NASHVILLE -- After decades of contentious arguing among lawyers and politicians over the best way to choose Tennessee's top judges, voters are being asked to resolve the issue once and for all this fall.

The request to voters comes in the form of Amendment 2 on the Nov. 4 ballot, a proposal drafted in the state Legislature and approved for submission to the public as a referendum by large and bipartisan majorities in the House and Senate.

The "Vote Yes on 2" campaign is a well-financed and well-organized effort led by Republican Gov. Bill Haslam and his Democratic predecessor, Phil Bredesen. The "Vote No on 2" campaign has very little financing and is led by a group of populist activists, including a trio of state legislators, who contend the proposal is designed to dupe voters into giving up their right to elect judges.

In essence, the Vote Yes on 2 campaign asks voters to officially accept the judicial selection system for 29 state appellate court judges that is already in place -- by statute, but not in the state Constitution -- with one modification.

Today, the judicial positions are initially filled by statute through gubernatorial appointment, with voters later given the opportunity to grant or deny a new term to each appointed judge in a retention election.
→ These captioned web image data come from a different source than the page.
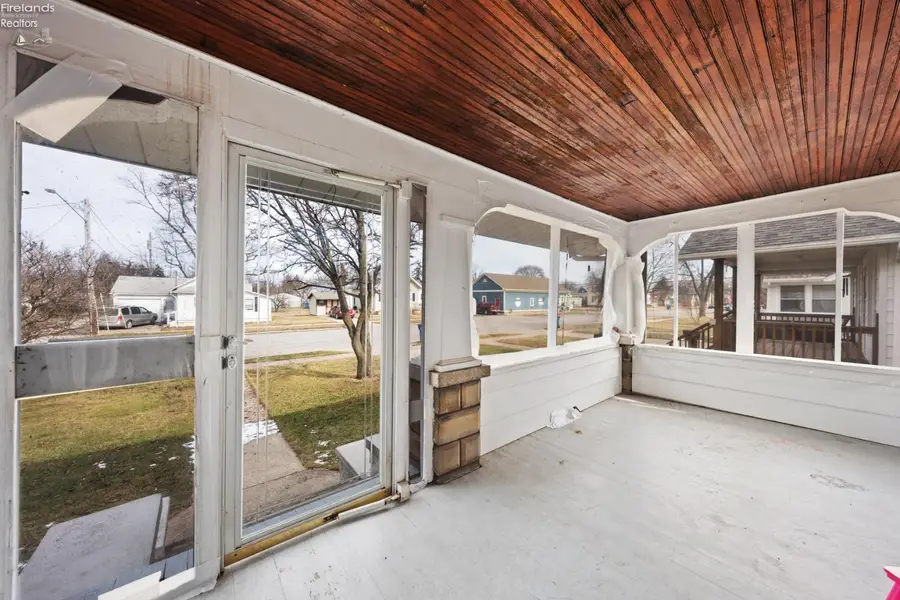 322 E 6th Street, Port Clinton, OH 43452 - #3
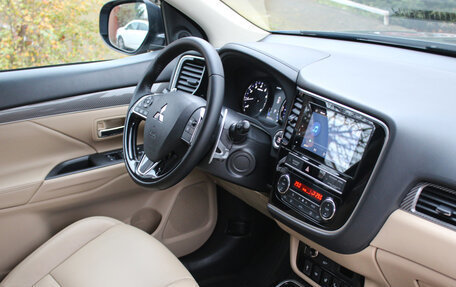 Mitsubishi Outlander III рестайлинг 3, 2019 год, 2 690 000 рублей, 7 фотография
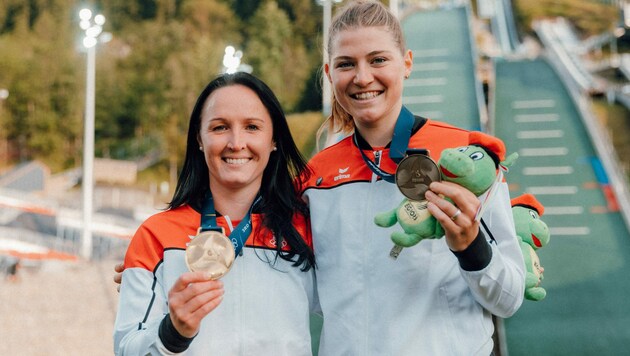 Jacqueline Seifriedsberger bejubelt die Goldmedaille, Sara Marita Kramer erfreut sich über Bronze. (Bild: GEPA pictures)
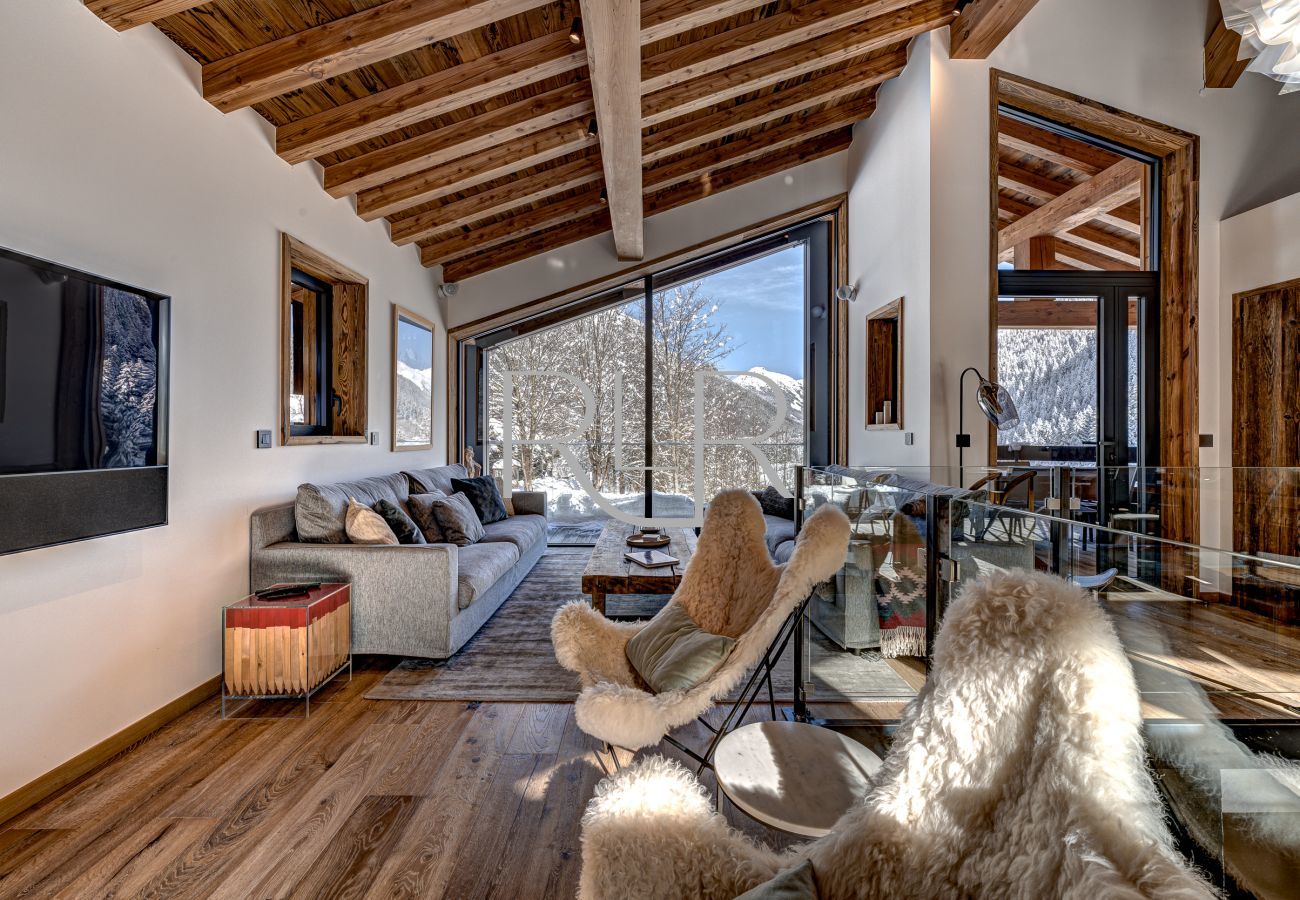 Chalet Silver Forest has a Smart TV in the lounge area in addition to the cinema room.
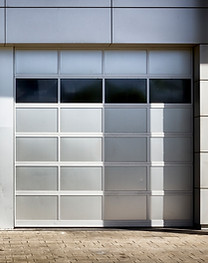 Metal Garagedeuren - PVC, ALU En HOUT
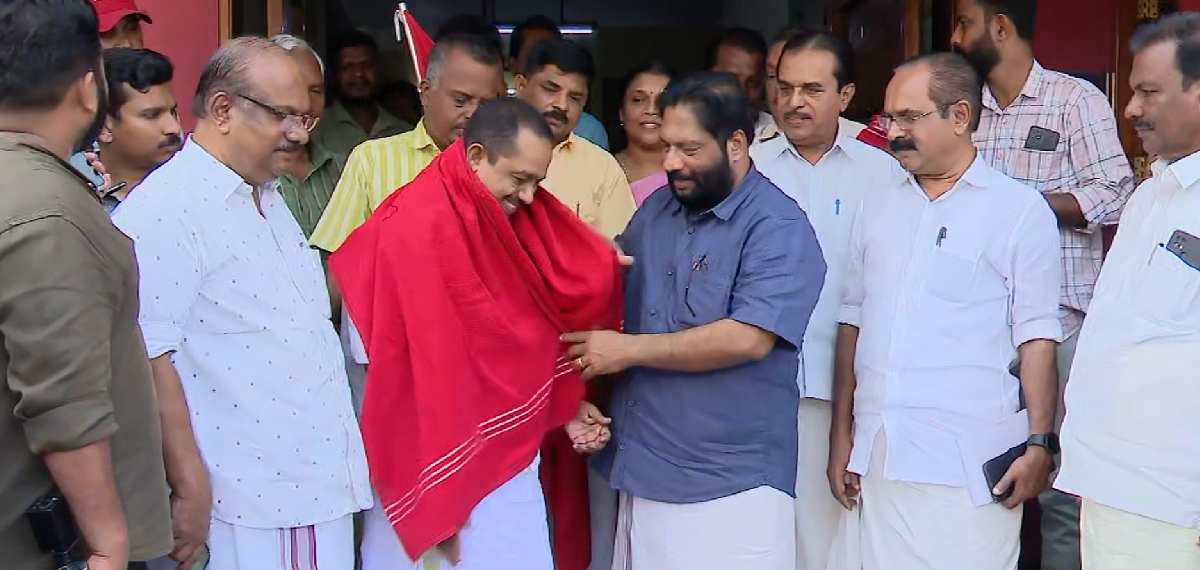 'കോണ്ഗ്രസുമായി സഹകരിച്ച് പോകാന് കഴിയാത്ത സ്ഥിതി'; രാജിവെച്ച് ഐഎന്ടിയുസി നേതാവ്; സിപിഐഎമ്മില് ചേര്ന്നു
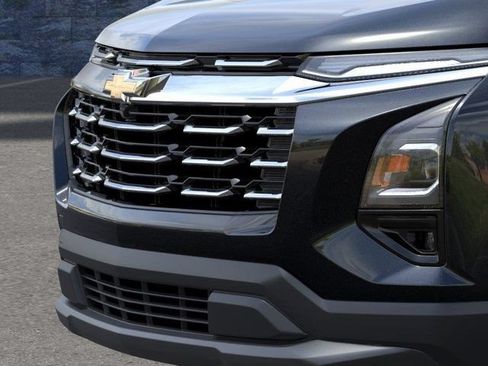 New 2026 Chevrolet Equinox LT w/ Safety and Technology Package FWD image 13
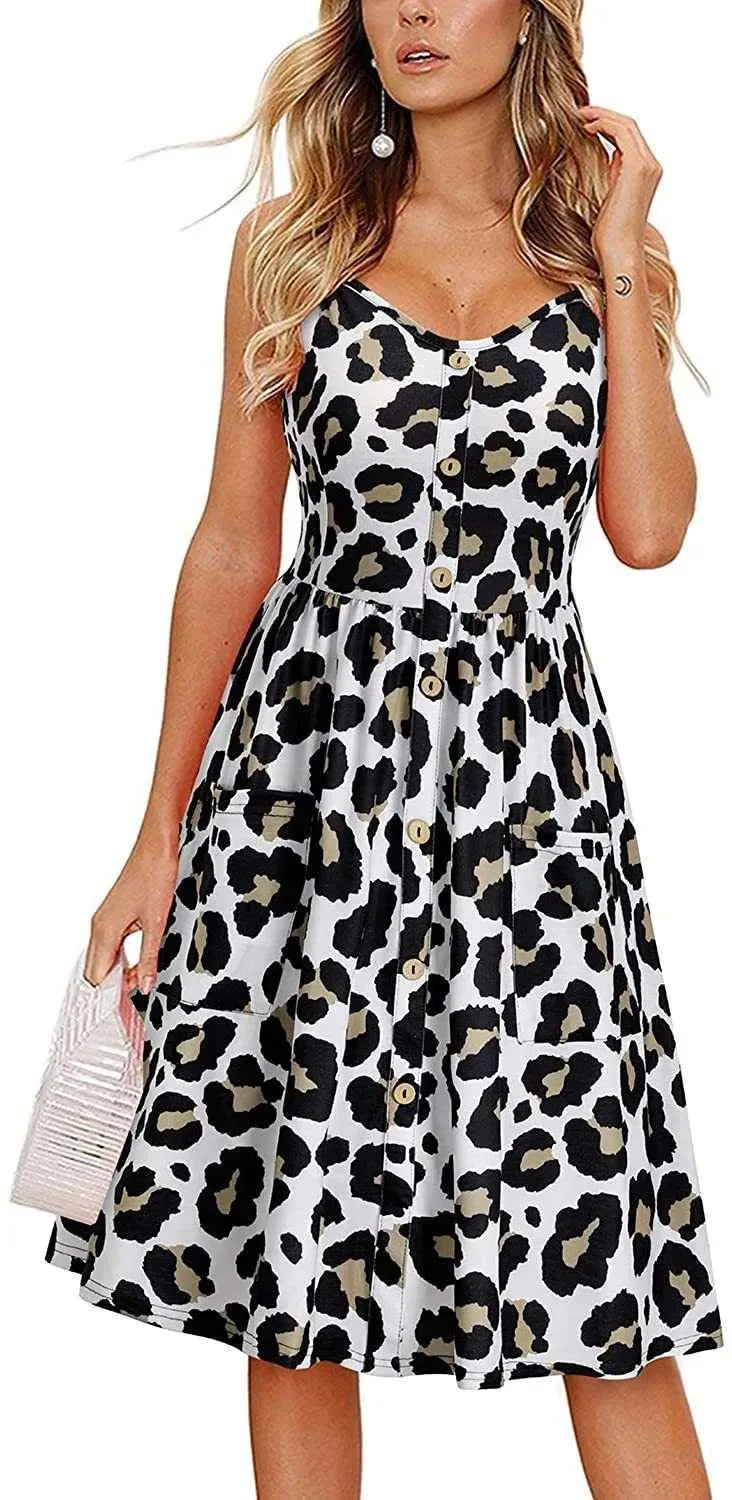 Levoire | Robe pour femmes avec décolleté en V et large ourlet Noir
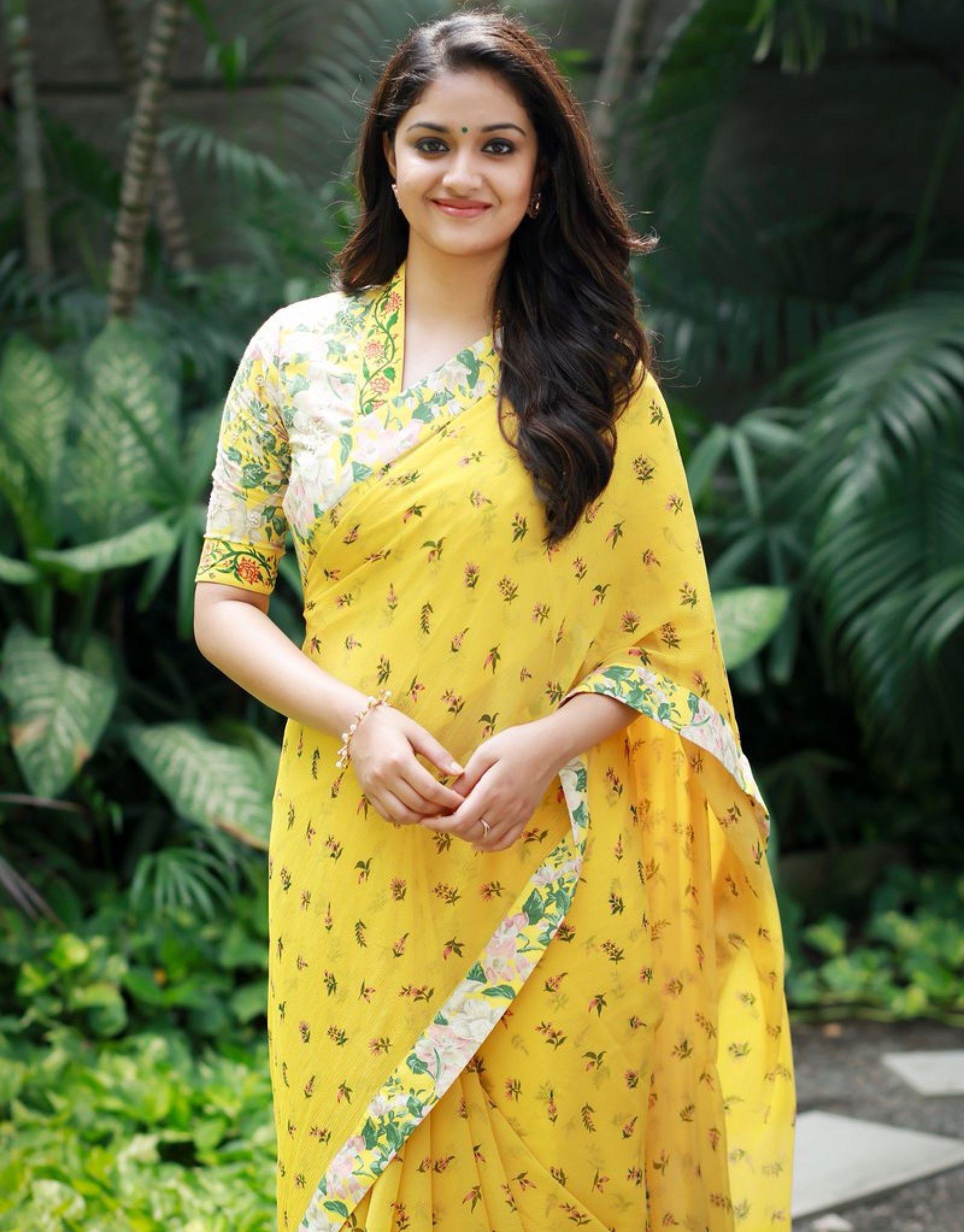 1600x2045 Cute Actress Keerthy Suresh Yellow .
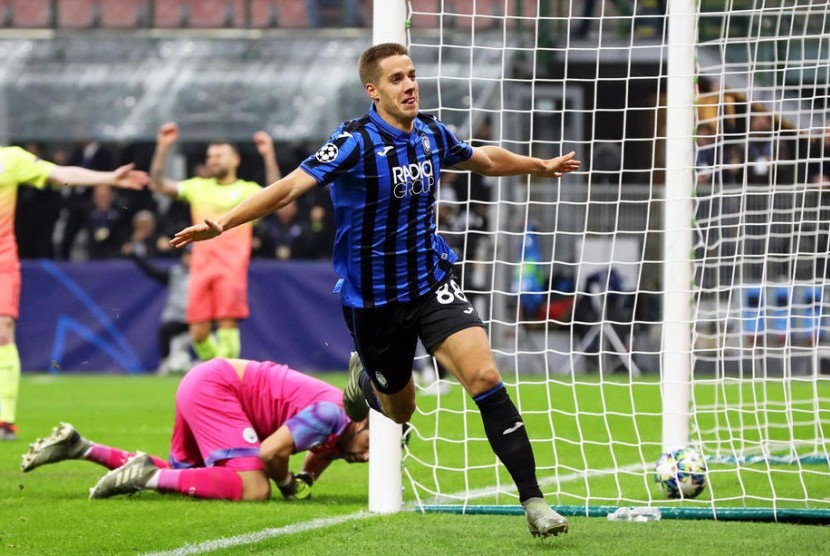 Pemain Atalanta Mario Pasalic mencetak gol ke gawang Manchester City.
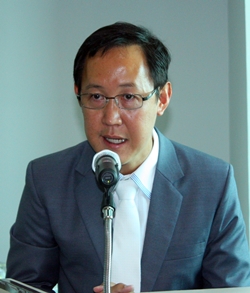 Naphat Thittirojnawat, MD of Pattaya Discovery Beach Hotel, thanks guests for attending the opening ceremony in the conference hall of the hotel’s new Chic Tower, Wednesday, June 19.
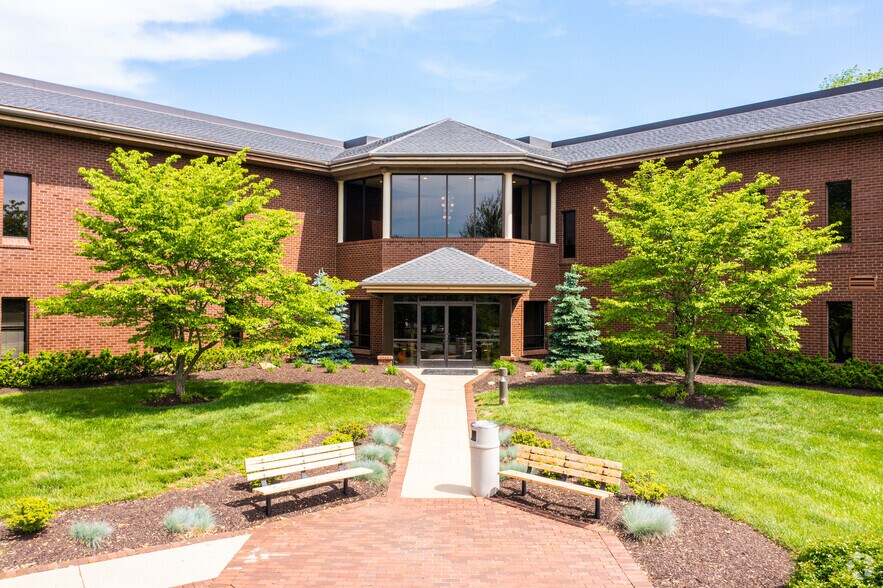 More Photos Of 335 Bishop Hollow Rd, Newtown Square Office For Sale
Amendment 2 retains that process and adds a requirement that the Legislature confirm the governor's appointees on the front end, similar to the federal system for appointing judges wherein the U.S. Senate must approve presidential appointments.

Amendment 2 provides that if the Legislature does not act to confirm one way or the other within 60 days, the governor's appointment is automatically confirmed. If the Legislature is not in session when the governor makes an appointment, the judge takes office anyway, and the meter on the 60-day period -- giving legislators a chance to reject -- begins when the Legislature comes back into session.

"It's the best of both worlds," said Supreme Court Justice Holly Kirby during a Nashville presentation last week, referring to the current state "merit selection" system and the federal system. "It is a balancing of accountability [to voters] and independence [of the judiciary]."

All five current Supreme Court justices -- and all the other 24 appellate court judges who have voiced a public opinion -- staunchly support Amendment 2. Kirby and Justice Jeff Bivins, both Haslam appointees who took office Sept. 1, face their first retention election in 2016 under the current system. The three other Supreme Court justices -- Sharon Lee, Connie Clark and Gary Wade -- were appointed by Bredesen and got new terms in this year's Aug. 7 retention election despite an effort to unseat them by conservative Republican activists, led by Lt. Gov. Ron Ramsey.

CONTENTIOUS HISTORY

The retention election system was instituted in 1971 and applied only to the Court of Appeals and the Court of Criminal Appeals. That came when Democrats controlled the Legislature and Winfield Dunn had been elected the state's first Republican governor in a half-century.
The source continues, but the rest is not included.